Washington, D.C. – U.S. Senator Catherine Cortez Masto (D-Nev.) cosponsored the Blue Water Navy Vietnam Veterans Act introduced by Senators Kirsten Gillibrand (D-N.Y.) and Steve Daines (R-Mont.), legislation to ensure that thousands of Navy veterans, known as ‘Blue Water’ veterans, are able to receive the disability and health care benefits they earned after exposure to Agent Orange while fighting in the Vietnam War.
“It is shameful that thousands of Blue Water veterans, who are potentially suffering from the harmful effects of exposure to Agent Orange, have been prevented from getting health care coverage they deserve for years because of a technicality in the law,” said Cortez Masto. “As a state home to close to 90,000 Vietnam veterans, we must enact this legislation to give Nevada veterans the compensation they earned and deserved. Our service members were unwitting victims to a highly toxic substance while bravely serving and defending our country. I will do everything I can to get them the care and support they need.”

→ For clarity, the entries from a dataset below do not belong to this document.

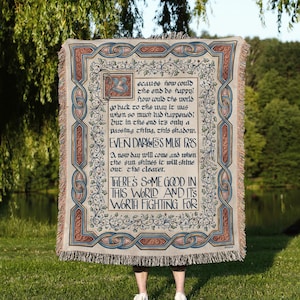 May include: A woven throw blanket featuring a decorative border with blue and red knotwork and green vines. The centre displays black text that reads: Because how could the end be happy? EVEN DARKNESS MUST PASS. THERE'S SOME GOOD IN THIS WORLD.
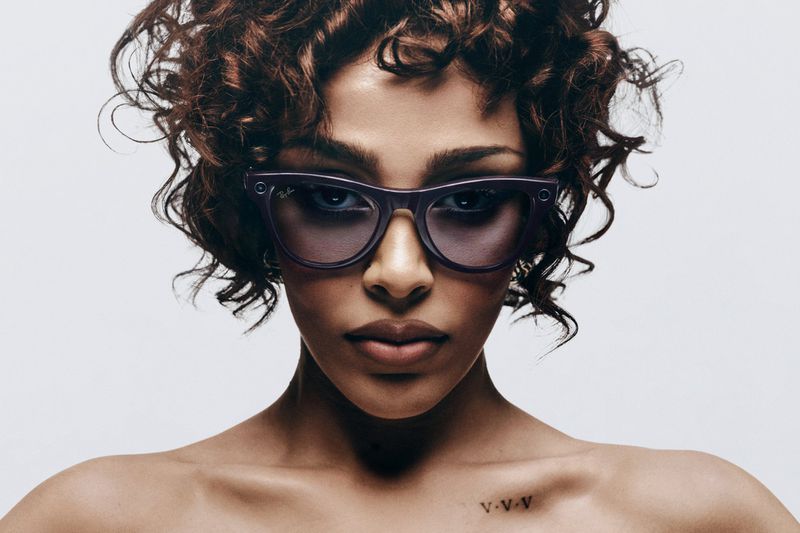 Close-up portrait of a brunette woman with curly hair, wearing purple glasses against a clean, light background in a studio setting.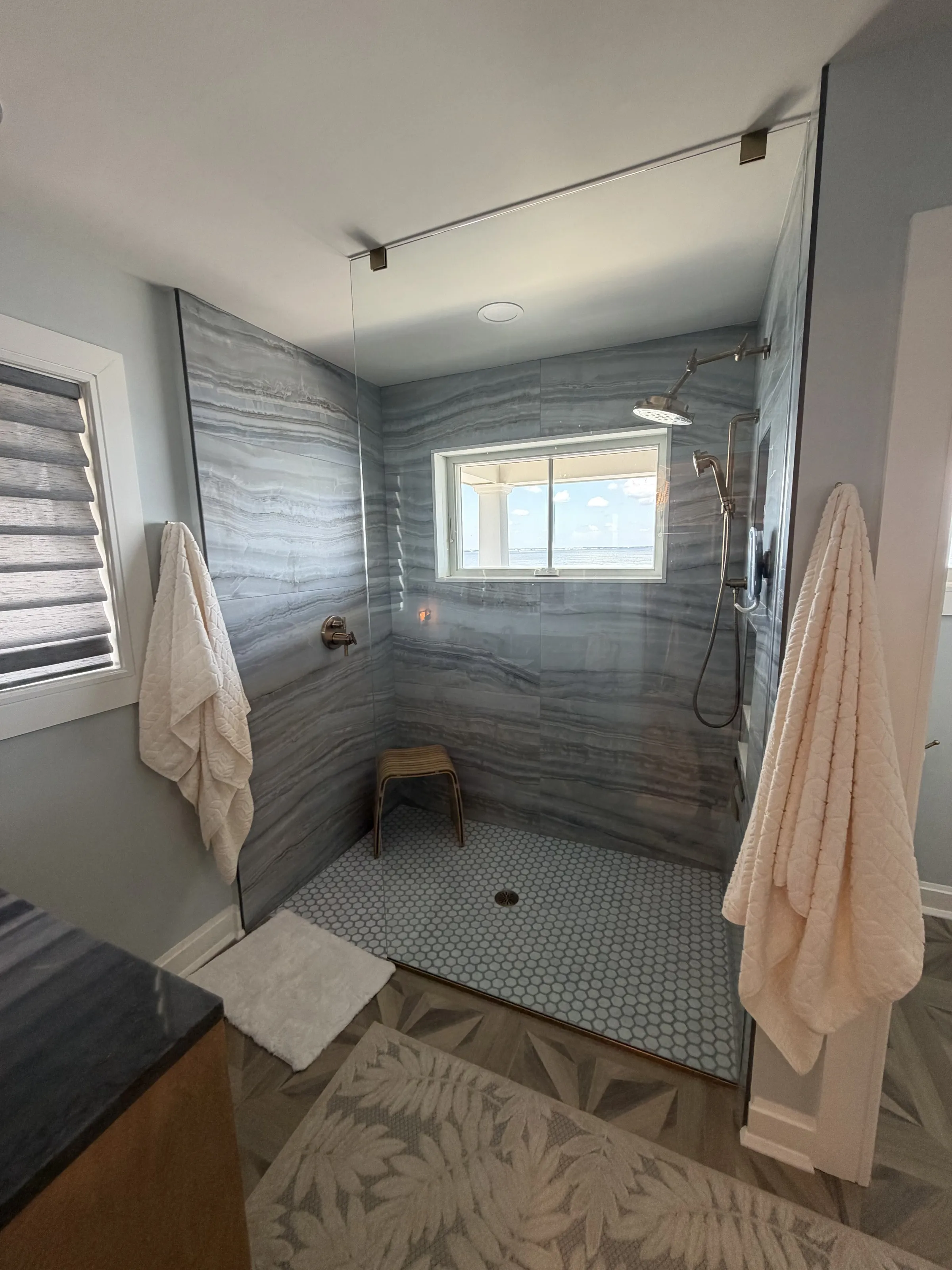 Walk-in shower with gray wall tile and a glass enclosure.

The Blue Water Navy Vietnam Veterans Act would clarify the existing law so that Blue Water veterans would be covered by the Department of Veterans Affairs (VA) if they served within ‘territorial seas,’ or approximately 12 miles offshore of Vietnam. The legislation would make it easier for the VA to process Vietnam War veterans’ claims for service-connected health conditions and alleviate a portion of the VA’s backlog by extending presumptive coverage of Agent Orange benefits to these veterans.